§ EXERCISE DETAILS
Transcribe word for word each line from the one containing "Kimora Explorer Lead" to the final line of the data, both included. Skip the pictures.

Start of TASK MATERIAL

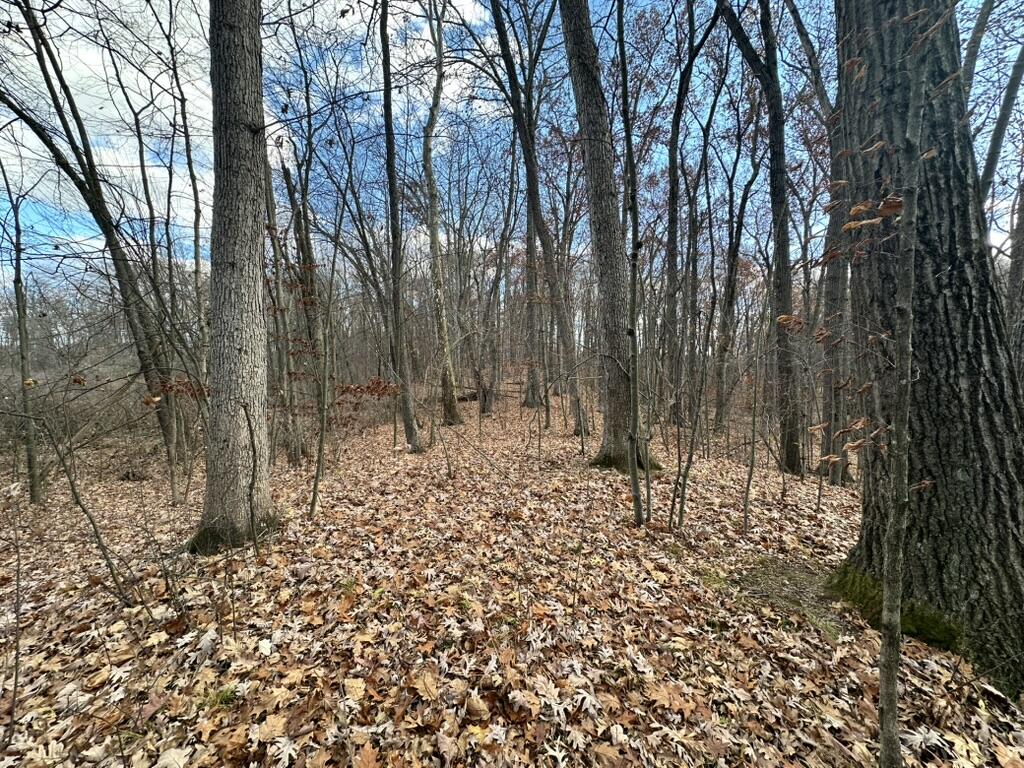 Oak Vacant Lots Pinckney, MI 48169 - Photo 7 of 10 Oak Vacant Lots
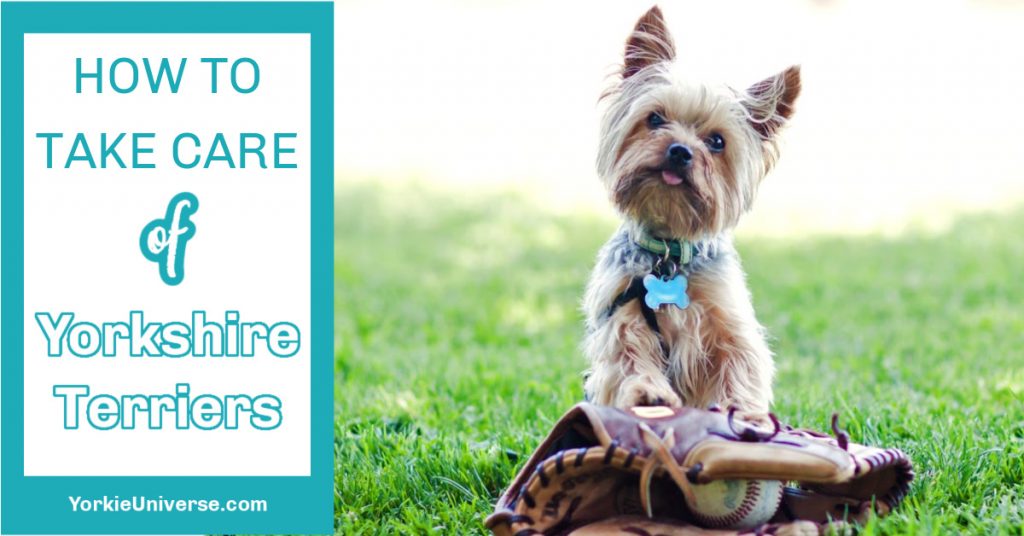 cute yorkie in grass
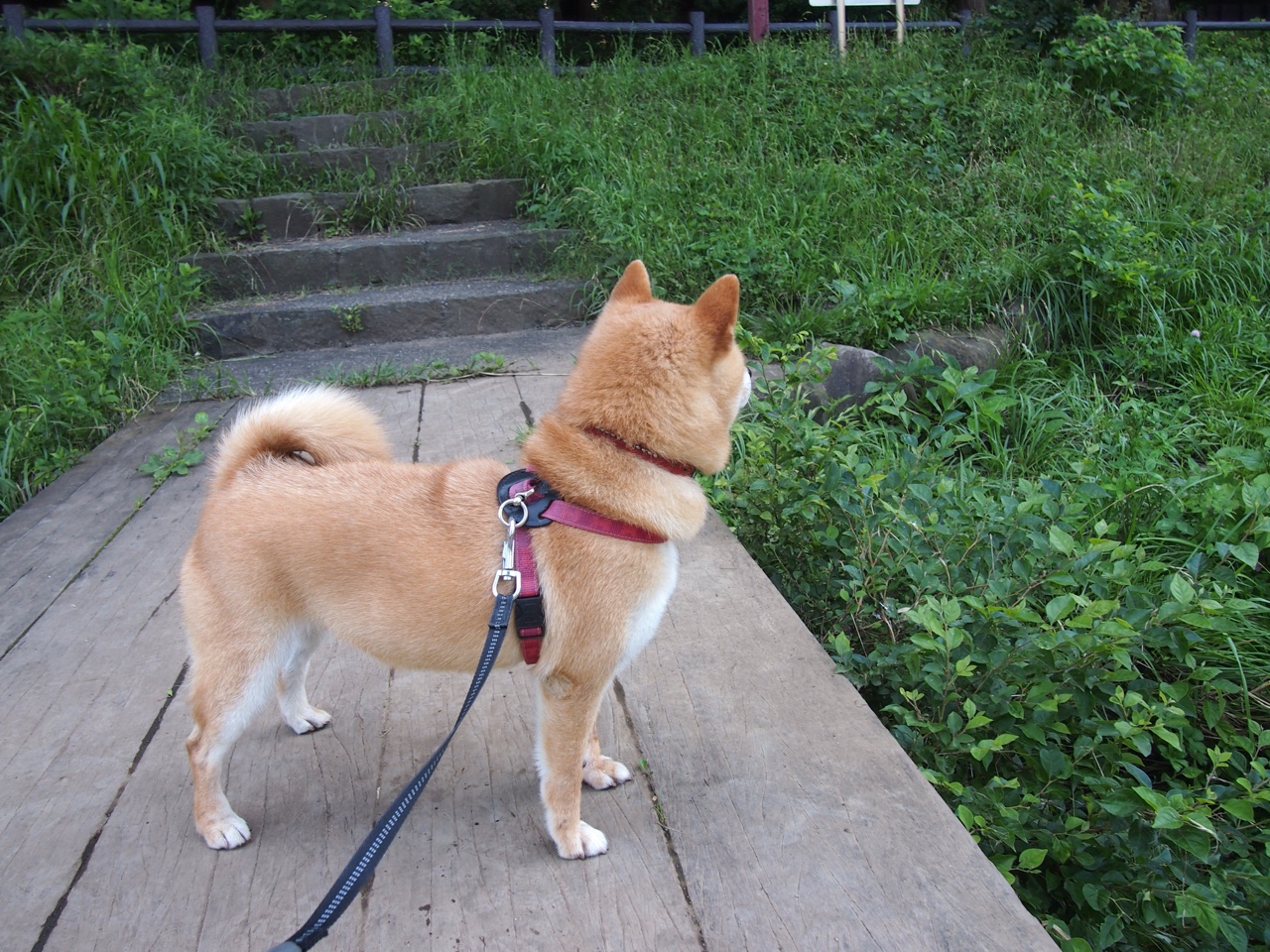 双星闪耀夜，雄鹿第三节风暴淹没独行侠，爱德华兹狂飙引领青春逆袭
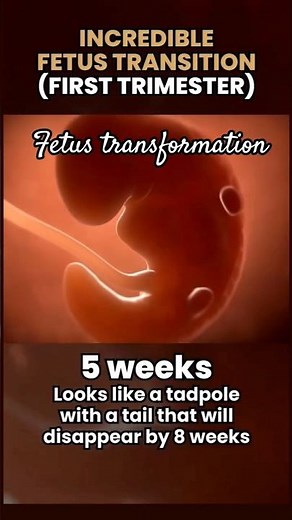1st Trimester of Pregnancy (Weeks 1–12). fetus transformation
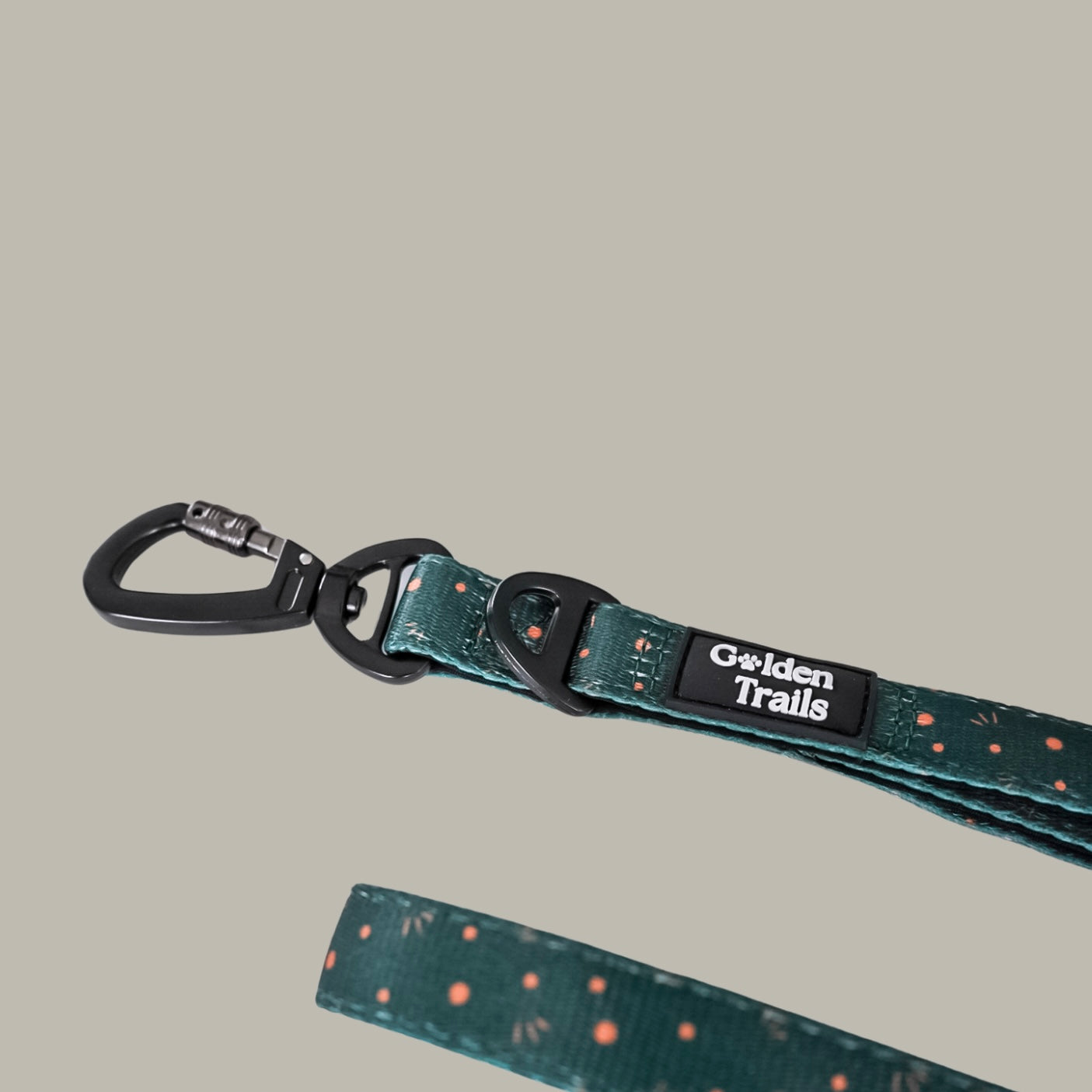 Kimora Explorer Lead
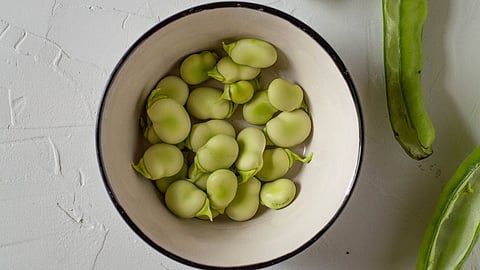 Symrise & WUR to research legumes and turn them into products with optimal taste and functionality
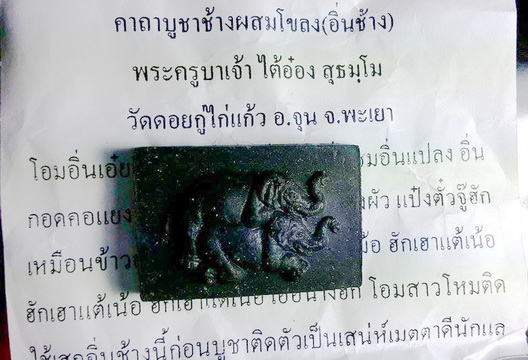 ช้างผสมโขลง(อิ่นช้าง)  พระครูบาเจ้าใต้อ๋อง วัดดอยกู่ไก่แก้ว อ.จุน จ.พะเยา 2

End of TASK MATERIAL

§ ANSWER TO THIS EXERCISE
 Kimora Explorer Lead
 Symrise & WUR to research legumes and turn them into products with optimal taste and functionality
 ช้างผสมโขลง(อิ่นช้าง)  พระครูบาเจ้าใต้อ๋อง วัดดอยกู่ไก่แก้ว อ.จุน จ.พะเยา 2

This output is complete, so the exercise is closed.